Thursday, March 18, 2010

Not Resonating On The Same Wavelength

In order to target agents, I choose my reading material based on the acknowledgement page.

Not enough hours in the day to do all that needs doing, so I pick up novels that tell me who thought the words were of such quality that the manuscript was one worth representing.

With my latest venture, I think I may have figured out why Elizabeth Weed never responds to my queries. It also has me wondering if my problem lies in the way that I write and what I think is worth reading.

Clearly, we're not resonating.

The flap copy of Therese Walsh's The Last Will of Moira Leahy promises a debut novel about sisterhood. That's classic fodder for women's fiction, upmarket no doubt as that's what Ms. Weed is after.

Authors know that they have to hook the reader's interest straight off, and Ms. Walsh opens with her narrator telling us all that she lost her twin. How in the world did she lose the girl, you the reader asks. I've got to turn the page to find out.

Turn that page and you'll find lots of dialogue. Line after line of dialogue. I'm not particularly chatty, but I understand that conversations can be used to move things along. In fact, dialogue moves the narrative quite a bit faster than internal dialogue and descriptions, so the second and third pages fly by.
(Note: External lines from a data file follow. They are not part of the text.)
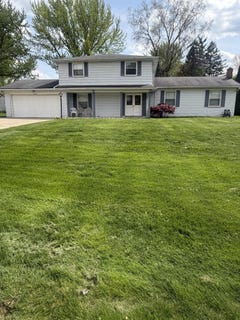 /international/us/3966-iverness-lane-west-bloomfield-mi-110107927269/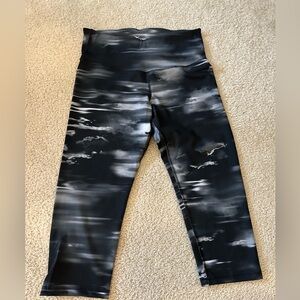 Old Navy Active Black and Gray Leggings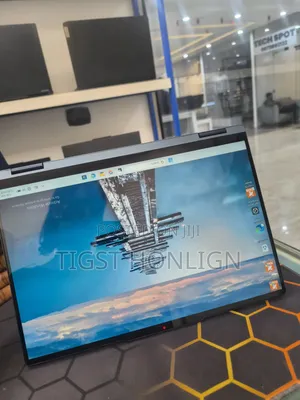 New Laptop Lenovo Yoga 7i 16GB Intel Core Ultra 7 SSD 1T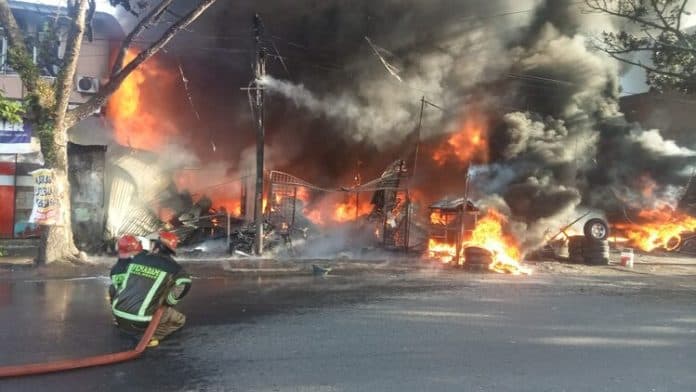 update_total_rumah_terbakar_di_jalan_flamboyan_raya_jadi_9_unit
Another tease presented itself. The narrator seemed to be hallucinating, imagining that the child she was talking to bore a marked resemblance to her sister as a child.
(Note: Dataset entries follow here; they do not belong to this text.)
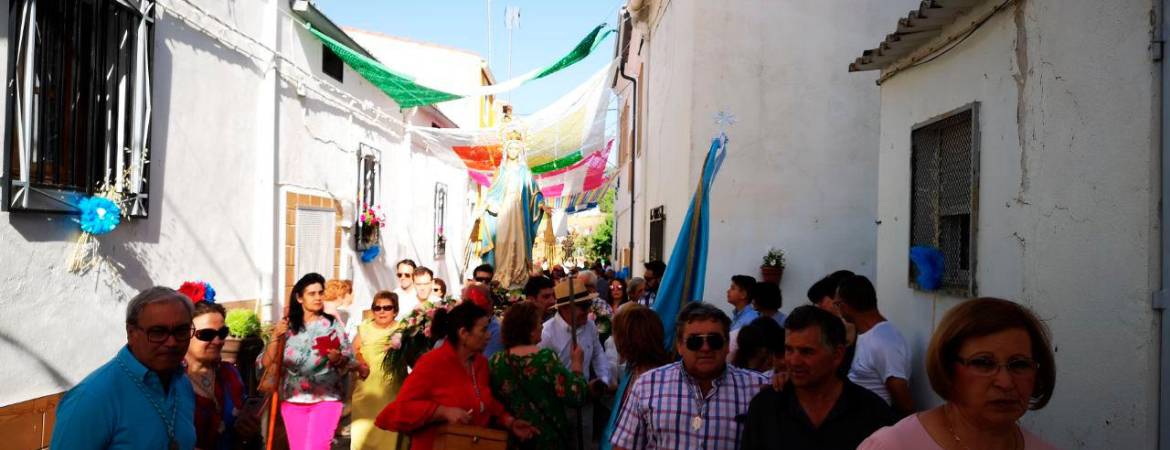 Inmenso abrazo a la Milagrosa por San Pedro Inmenso abrazo a la Milagrosa por San Pedro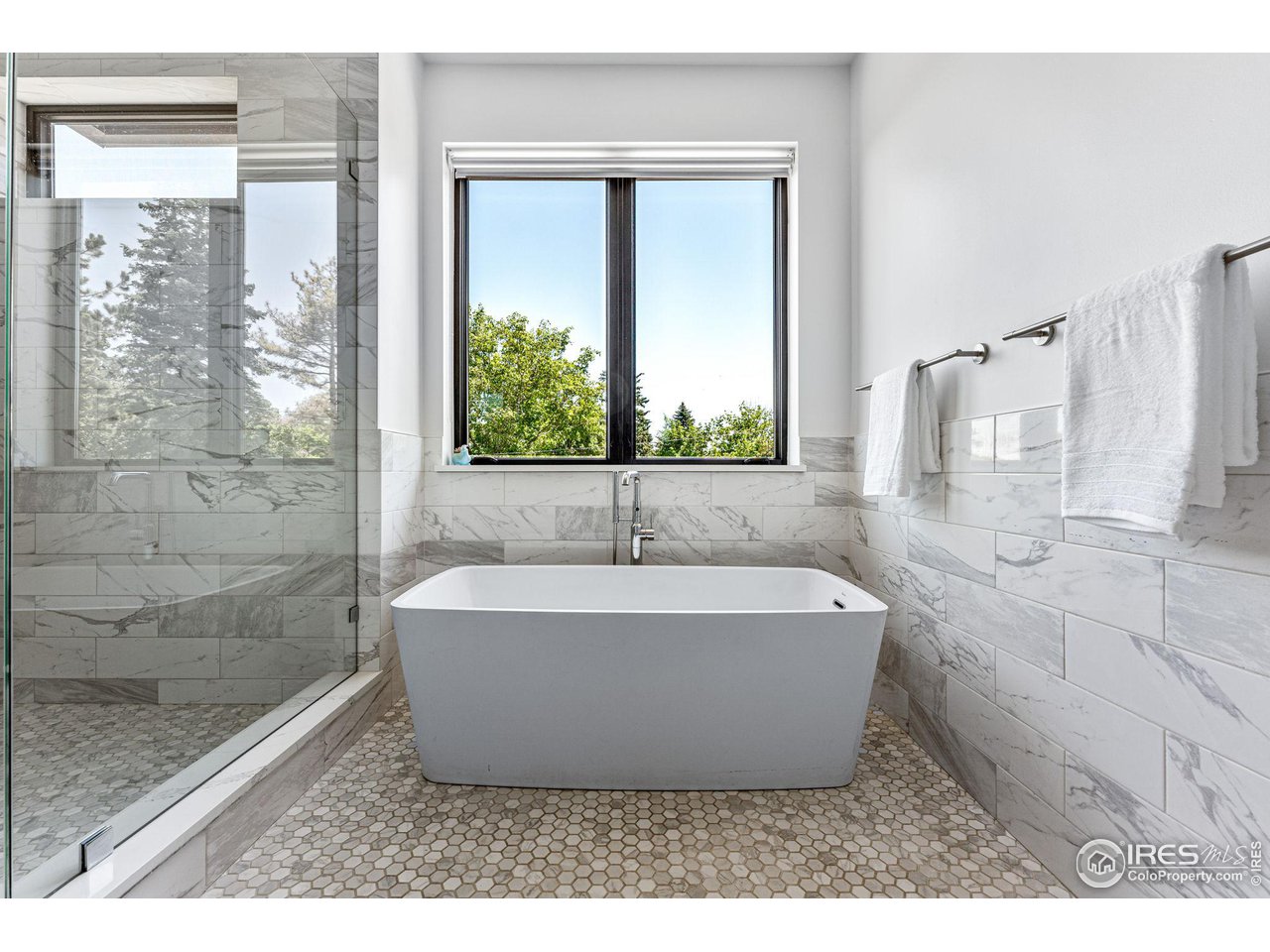 909 Baseline Road Boulder, CO 80302 - Photo 29 of 39 Stand-alone Tub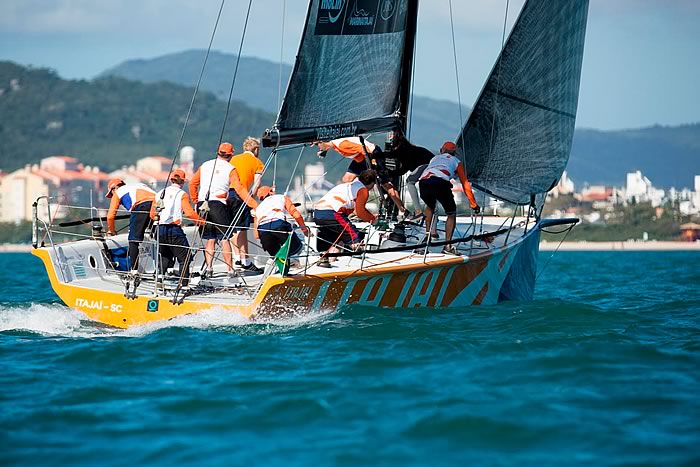 Itajaí Saling Team vence quatro regatas no final de semana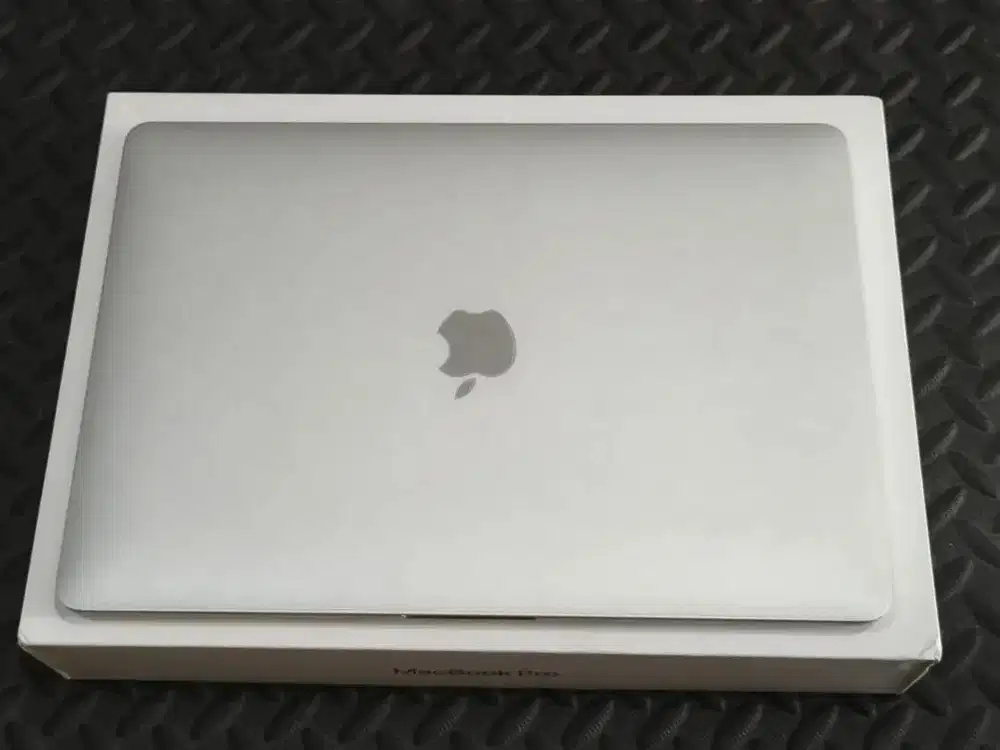 Macbook Pro i5 13 2020 x japan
Keep turning the pages, and there's more.....more dialogue. Do people really talk so much and say so little?

From a first person narrative, the second chapter switches to third person and goes back in time. I find that I have to turn back, since I can't seem to remember the name of the surviving twin, and with that, my interest in the book begins to wane.
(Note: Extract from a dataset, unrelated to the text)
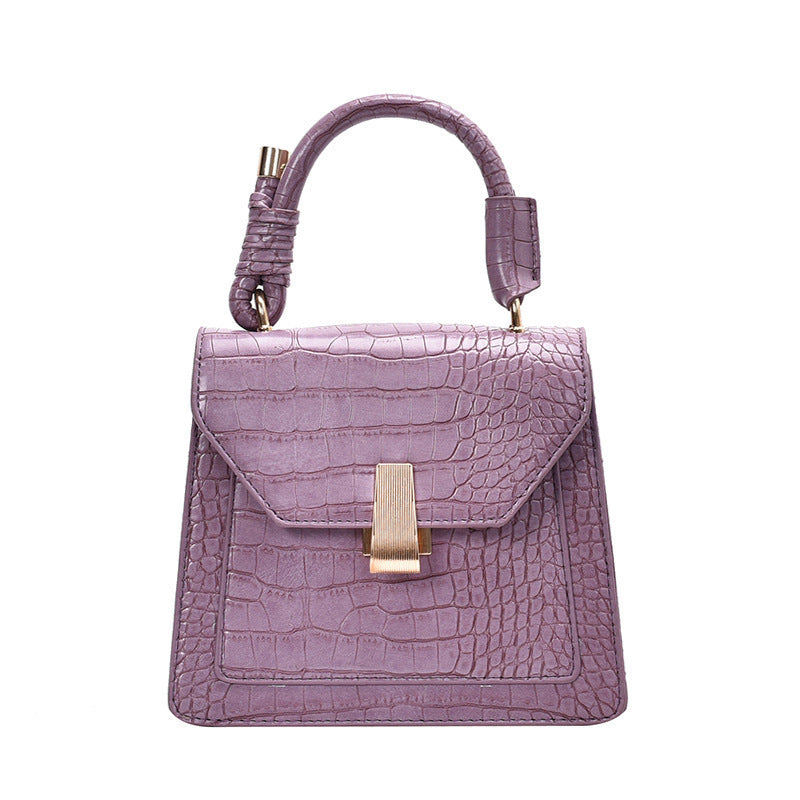 Fashionable Large Capacity Ladies PU Shoulder Bag with Metal Decoration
I plow on, through all the "As you know, Bob" moments that I skim over to save time. Authors know that they should research facts, even in a novel, but they shouldn't dump all that info. Yet Elizabeth Weed was untroubled by this violation of story-telling etiquette.

Often, agents ask for the first fifty pages as a sample of the writing, so I struggled through fifty pages before I gave up.

Just in case, I thumbed through the remainder, looking for a page that wasn't heavily peppered with quotation marks. Talk, talk, and more talk. I lost track of who the characters were, what role they played, and which one was supposed to provide the romantic element. I lost the thread of the story, but I don't think I ever really had a grasp of it to begin with.

Whatever Ms. Weed found in the manuscript, I don't see the attraction. Was she swayed by the author's website? The author's degree in psychology and residence in New York? As a reader, I look for a good story, an engaging tale that I can get lost in and escape from the pressing concerns of the day. Is this not what literary agents think will sell?

What matters is that Elizabeth Weed thought this sort of thing would sell, hence she would take a pass on my manuscripts. Colm Toibin's The Master wouldn't have stood a chance with her.